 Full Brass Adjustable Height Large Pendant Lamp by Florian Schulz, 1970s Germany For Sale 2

...

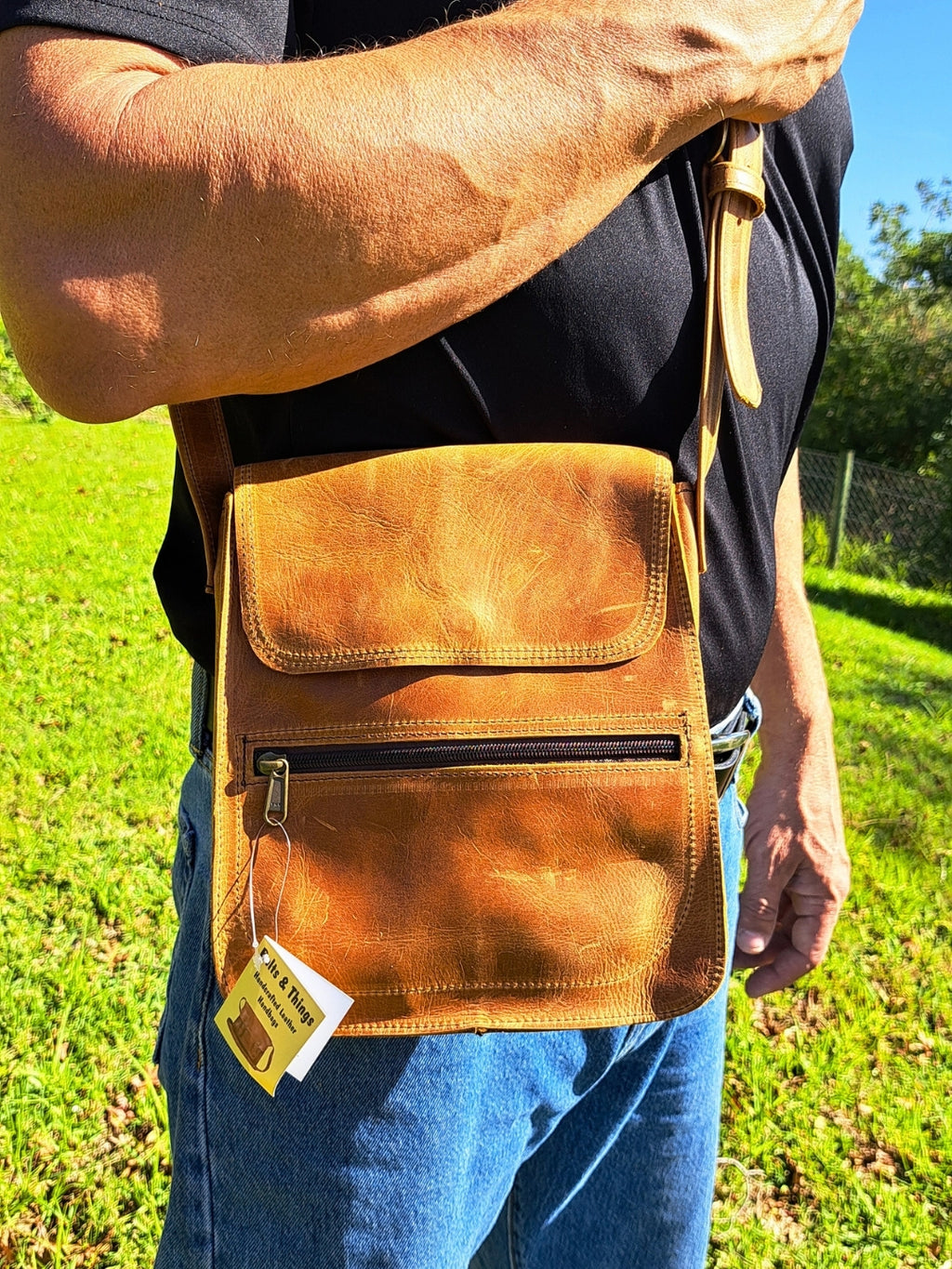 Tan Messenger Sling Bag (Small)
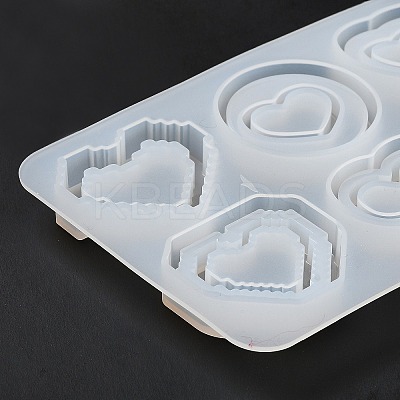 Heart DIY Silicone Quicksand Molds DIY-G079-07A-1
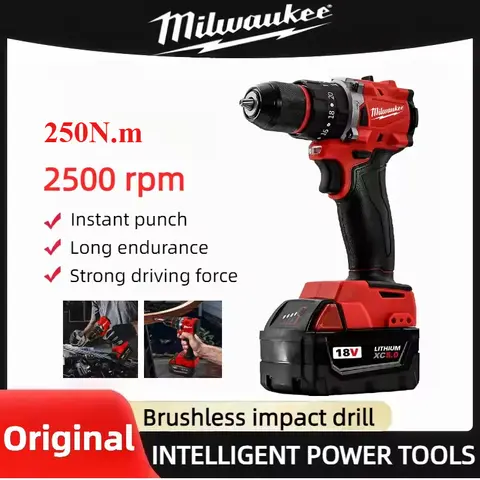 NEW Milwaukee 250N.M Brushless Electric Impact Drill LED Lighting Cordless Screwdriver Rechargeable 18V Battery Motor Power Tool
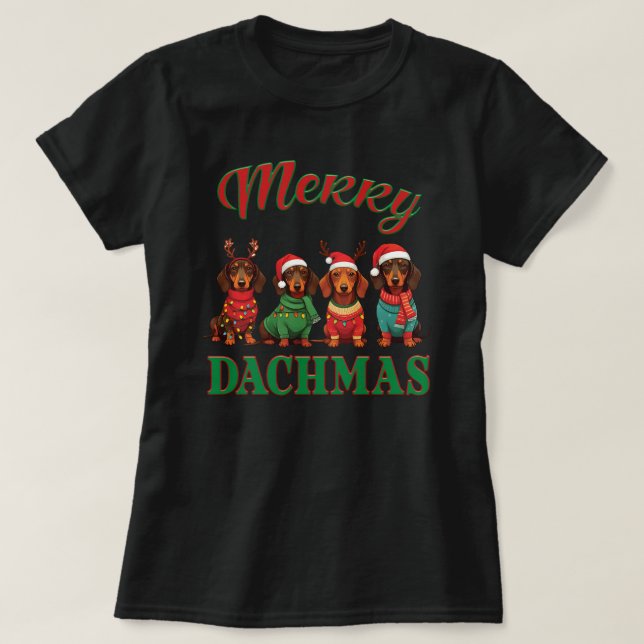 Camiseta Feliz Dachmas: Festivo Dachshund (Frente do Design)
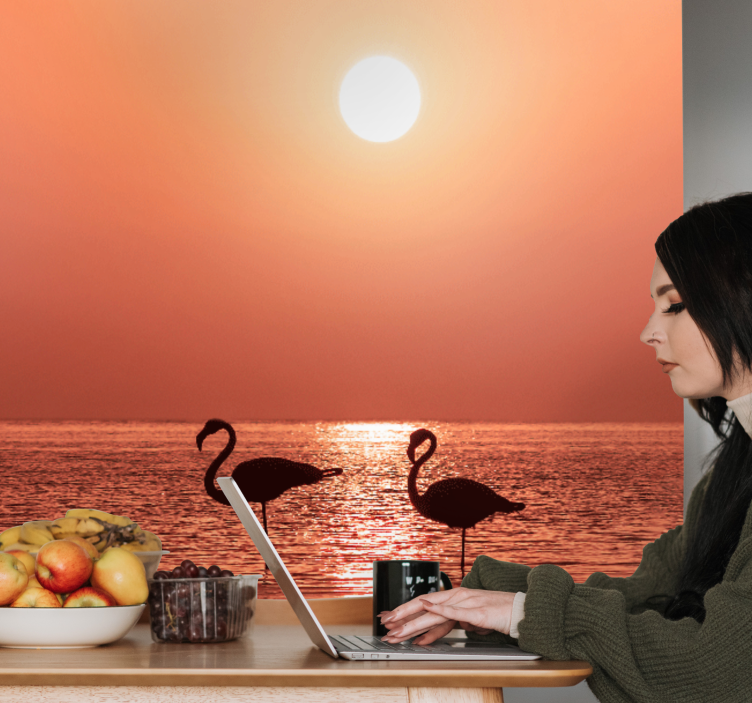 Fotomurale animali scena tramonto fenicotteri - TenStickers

==

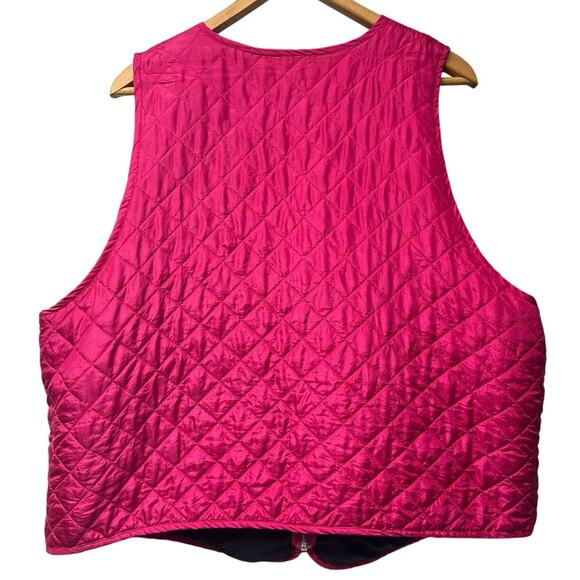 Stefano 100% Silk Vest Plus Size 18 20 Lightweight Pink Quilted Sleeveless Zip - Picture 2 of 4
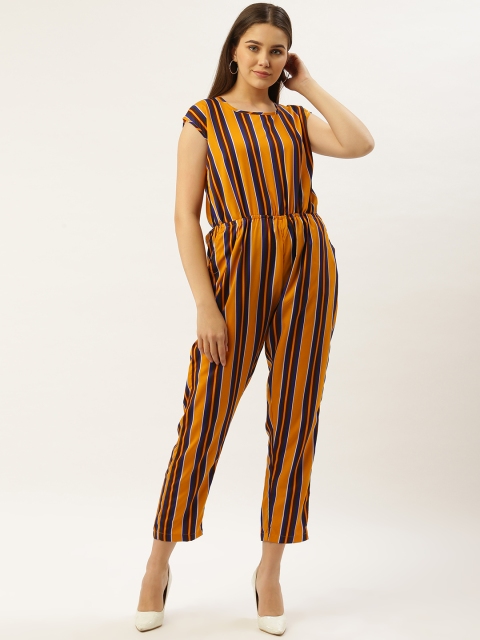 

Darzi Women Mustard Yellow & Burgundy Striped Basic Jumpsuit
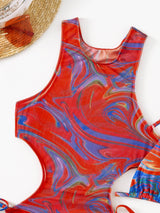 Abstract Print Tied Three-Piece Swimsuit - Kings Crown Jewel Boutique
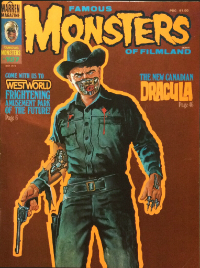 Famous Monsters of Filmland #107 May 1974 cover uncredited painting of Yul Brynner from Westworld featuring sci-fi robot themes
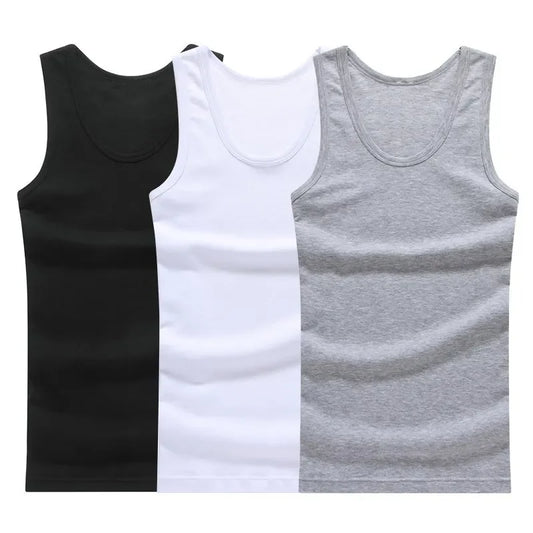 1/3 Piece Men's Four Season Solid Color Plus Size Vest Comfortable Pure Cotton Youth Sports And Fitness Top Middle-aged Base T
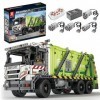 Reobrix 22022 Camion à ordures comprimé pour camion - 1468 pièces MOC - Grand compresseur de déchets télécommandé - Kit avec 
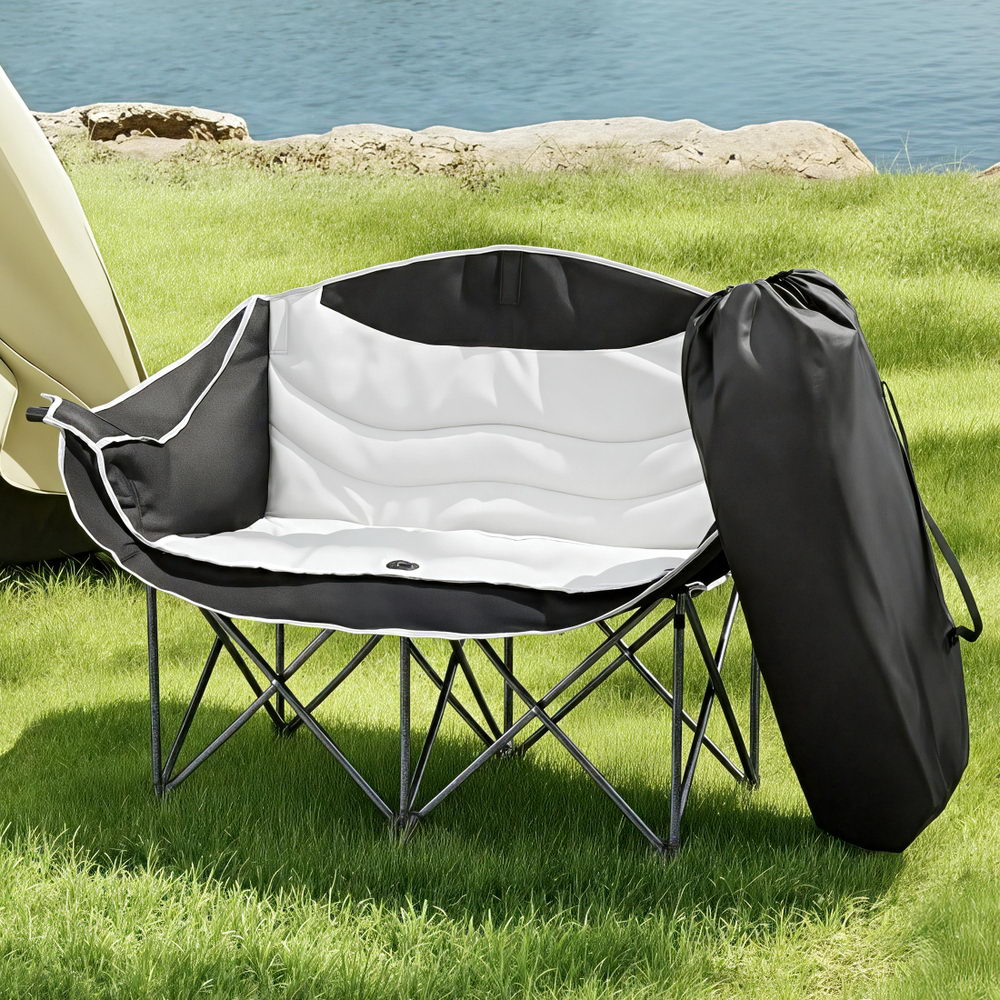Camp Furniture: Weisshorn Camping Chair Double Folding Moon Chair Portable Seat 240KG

Work required>
Look above for the line with "Heart DIY Silicone" and the line with "Fotomurale animali scena". Copy them and every line between, exactly, but no pictures.

Solution for this task>
 Heart DIY Silicone Quicksand Molds DIY-G079-07A-1
 NEW Milwaukee 250N.M Brushless Electric Impact Drill LED Lighting Cordless Screwdriver Rechargeable 18V Battery Motor Power Tool
 Camiseta Feliz Dachmas: Festivo Dachshund (Frente do Design)
 Fotomurale animali scena tramonto fenicotteri - TenStickers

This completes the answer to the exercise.